Itinerários: as etapas percorridas
Ao longo da sua campanha, a seleção marroquina transitou por várias cidades-sede, alternando estadias e viagens que resultaram numa deslocação intensa entre dois países. O trajeto registado para Marrocos é o seguinte:
- Nova Jérsey → Boston: 378 km
- Boston → Atlanta: 1.522 km
- Atlanta → Monterrey (México): 1.746 km
- Monterrey → Houston: 611 km
- Houston → Boston: 2.562 km
| Seleção | Quilómetros aproximados |
|---|---|
| Marrocos | 6.870 km |
| França | 1.535 km |
Por seu lado, a equipa francesa manteve-se essencialmente concentrada na região nordeste dos Estados Unidos, com movimentos mais curtos entre as sedes, o que resultou numa logística mais favorável:
- Nova Jérsey → Filadélfia: 120 km
- Filadélfia → Boston: 450 km
- Boston → Nova Jérsey: 392 km
Impacto provável nos jogadores e preparação
Viagens frequentes afectam rotinas de recuperação, horas de sono, alimentação e tempo disponível para treinos específicos. A diferença de quilometragem entre as equipas traduz-se não só em tempo de transporte, mas também em variáveis operacionais — como logística de equipamento, deslocamento da comitiva técnica e adaptação a diferentes climas e fusos horários locais — que a organização de uma selecção tem de gerir.

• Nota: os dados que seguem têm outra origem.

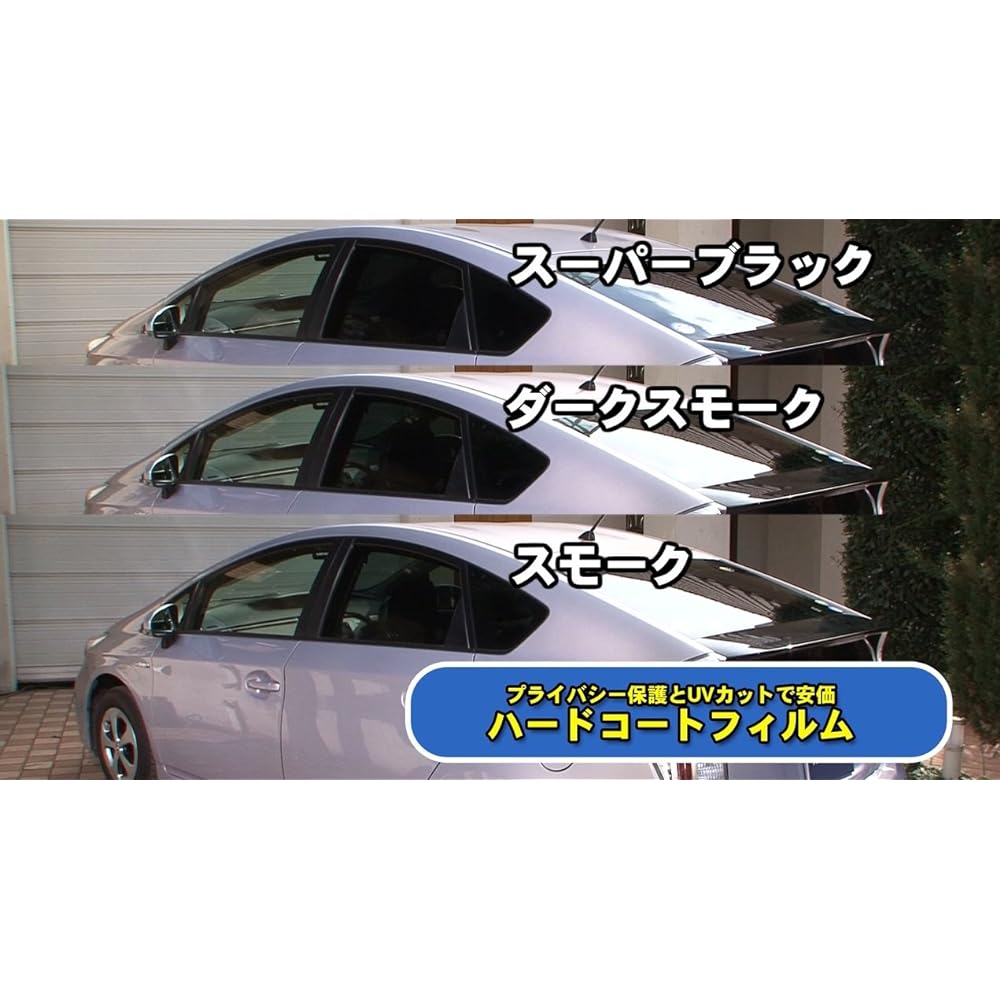 pellucid pre-cut car film Daihatsu Mira Ys LA300S series H23/9~ Failure-safe service included HC SM A080643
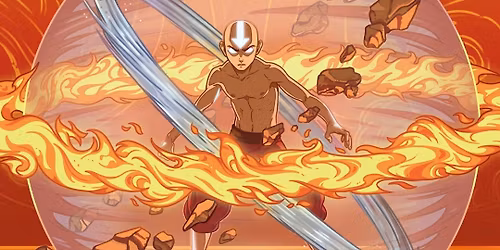 Avatar Master the Elements League! 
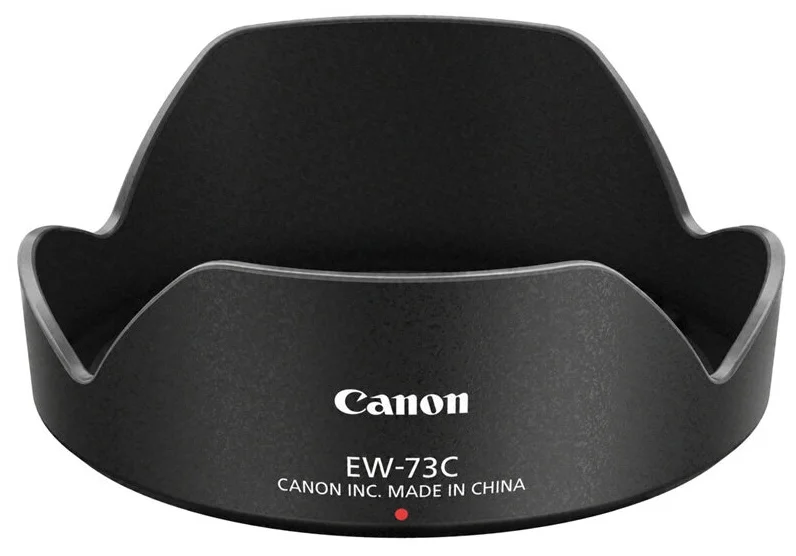 

Бленда Canon EW-73C для EF-S 10-18mm 4.5-5.6 IS STM 9529B001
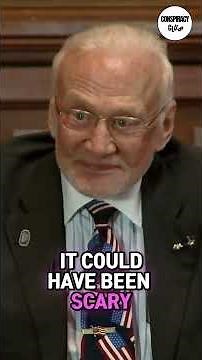 Buzz Aldrin Confesses Moon Landing Was Fake? NASA’s Biggest Secret Exposed 🚀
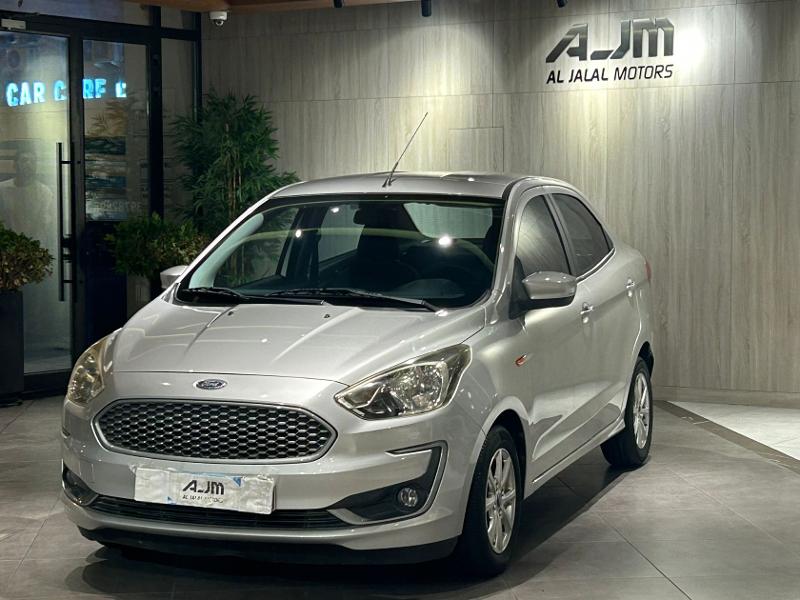 2020 Ford Figo Hatchback for Sale – Excellent Condition, Low Mileage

Apesar destas condicionantes, Marrocos conseguiu manter rendimento competitivo e alcançar as quartas de final, demonstrando capacidade de adaptação e gestão física da equipa técnica. A questão que ficará em análise para os observadores do torneio é até que ponto estas diferenças logísticas poderão pesar em momentos decisivos, como os próximos duelos eliminatórios.
O confronto imediato entre França e Marrocos, marcado para as quartas de final, surge assim num cenário em que a narrativa não é feita apenas de táctica e talento, mas também de resistência e gestão de percursos ao longo de um torneio extensivo.